The National Football League (NFL) is a massive, capitalist endeavor. It provides wildly profitable entertainment, is adept at steering taxpayer money its way, and is a premier collaborator in our participatory fascist social order.
Capitalist culture is relentlessly anti-capitalist. As such, the NFL (a privately owned organization) makes for a good villain. Hollywood cast it as the “Evil Corporation” in the 2015 film Concussion.
The film features this line:
The NFL owns a day of the week. The same day the Church used to own. Now it’s theirs.
The implication that the NFL is as powerful as the medieval Catholic Church is downright adorable. Because, whereas skeptics raised reasonable doubts about the existence of the Christian God, no one doubts the existence of the deity the NFL venerates in its 32 tax-subsidized, stadium-temples. It’s called the Pentagon and it is vastly more powerful than the Holy Catholic Church ever was. It’s an actual god in our society, the Apollo to our American Zeus: mass democracy.
Democracy might be the God that failed to secure individual liberty, but it sure is good at securing national security budgets. Its think tank-monasteries are filled with obedient intellectuals who generate pro-imperial discourse. Its Hollywood rhapsodes praise the power of D.C. and its primacy. And the NFL is expert at providing a space for citizens to worship permanent militarism.
There are ceremonies, fly overs, and moments of silence. There are full-field flag displays, upbeat soldier profiles and always, always, always the National Anthem.
The military has even used stadiums as training grounds and maintains the capability to drop parachute commandos from a Lockheed C-130 Hercules onto the football field. The military might be providing support for Al Qaeda in Yemen, but hot biscuits, parachute commandos!? That is awesome!

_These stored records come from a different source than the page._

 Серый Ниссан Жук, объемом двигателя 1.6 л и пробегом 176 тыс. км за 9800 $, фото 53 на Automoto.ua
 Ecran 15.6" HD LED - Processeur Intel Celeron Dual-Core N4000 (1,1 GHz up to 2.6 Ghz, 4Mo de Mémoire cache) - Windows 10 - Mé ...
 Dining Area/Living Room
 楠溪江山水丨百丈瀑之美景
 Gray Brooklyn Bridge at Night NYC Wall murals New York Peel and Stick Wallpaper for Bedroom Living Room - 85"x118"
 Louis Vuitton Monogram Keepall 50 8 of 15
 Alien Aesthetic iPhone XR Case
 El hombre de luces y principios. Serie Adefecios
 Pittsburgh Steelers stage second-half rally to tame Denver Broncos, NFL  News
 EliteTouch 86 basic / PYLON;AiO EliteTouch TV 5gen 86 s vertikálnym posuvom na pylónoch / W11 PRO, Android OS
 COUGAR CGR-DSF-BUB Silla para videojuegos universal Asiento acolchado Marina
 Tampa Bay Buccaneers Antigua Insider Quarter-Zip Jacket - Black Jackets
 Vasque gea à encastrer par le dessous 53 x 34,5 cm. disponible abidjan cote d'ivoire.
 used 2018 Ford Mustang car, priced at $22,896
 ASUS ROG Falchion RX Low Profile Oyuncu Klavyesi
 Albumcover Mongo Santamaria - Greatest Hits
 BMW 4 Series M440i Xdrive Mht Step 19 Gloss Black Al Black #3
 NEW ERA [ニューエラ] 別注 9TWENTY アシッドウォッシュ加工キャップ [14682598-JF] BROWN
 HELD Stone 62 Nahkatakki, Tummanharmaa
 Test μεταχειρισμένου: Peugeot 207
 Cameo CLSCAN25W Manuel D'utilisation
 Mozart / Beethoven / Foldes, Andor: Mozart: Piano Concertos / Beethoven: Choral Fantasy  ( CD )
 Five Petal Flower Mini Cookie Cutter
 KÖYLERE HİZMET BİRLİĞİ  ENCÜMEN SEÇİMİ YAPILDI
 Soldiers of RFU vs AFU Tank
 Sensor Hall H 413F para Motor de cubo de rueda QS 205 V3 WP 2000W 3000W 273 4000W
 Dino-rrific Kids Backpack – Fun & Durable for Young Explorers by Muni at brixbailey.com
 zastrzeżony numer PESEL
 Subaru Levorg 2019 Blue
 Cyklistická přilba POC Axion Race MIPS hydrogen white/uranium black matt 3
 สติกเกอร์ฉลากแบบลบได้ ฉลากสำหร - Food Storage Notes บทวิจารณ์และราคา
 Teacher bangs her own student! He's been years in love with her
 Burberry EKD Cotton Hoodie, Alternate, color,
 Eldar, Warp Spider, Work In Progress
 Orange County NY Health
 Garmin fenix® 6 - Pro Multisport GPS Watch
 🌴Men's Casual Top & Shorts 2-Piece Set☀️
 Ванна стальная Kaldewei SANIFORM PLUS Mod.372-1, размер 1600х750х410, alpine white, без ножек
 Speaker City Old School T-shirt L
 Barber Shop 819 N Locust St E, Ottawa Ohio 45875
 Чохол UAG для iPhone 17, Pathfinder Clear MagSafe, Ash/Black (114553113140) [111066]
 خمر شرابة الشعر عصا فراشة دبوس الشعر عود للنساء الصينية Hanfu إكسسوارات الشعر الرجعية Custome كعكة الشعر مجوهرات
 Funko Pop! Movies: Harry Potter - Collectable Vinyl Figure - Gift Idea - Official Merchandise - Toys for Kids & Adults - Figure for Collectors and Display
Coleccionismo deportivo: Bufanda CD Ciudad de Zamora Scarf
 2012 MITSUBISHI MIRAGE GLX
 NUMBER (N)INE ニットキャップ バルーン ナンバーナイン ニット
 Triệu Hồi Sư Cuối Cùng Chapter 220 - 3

The military previously paid the NFL for its PSYOP services. Following congressional controversy, the payments reportedly stopped. These days the NFL is just doing its unpaid, patriotic, participatory fascist duty. The effect is the same: public reverence for the war machine.
To be sure, the NFL might have engaged in negligence and fraud as its players suffered concussion related dementia, but the U.S. military has killed millions of children. And while there has been an alarming trend of suicide among NFL employees, since the 9/11 attacks combat soldiers and veterans have killed themselves in the tens of thousands. Four times as many soldiers have killed themselves than have been killed in combat.
The worst thing about the NFL is its relationship to government, but Hollywood would have us believe it to be an uber villain in its own right. A demon that must be held to account…by the government.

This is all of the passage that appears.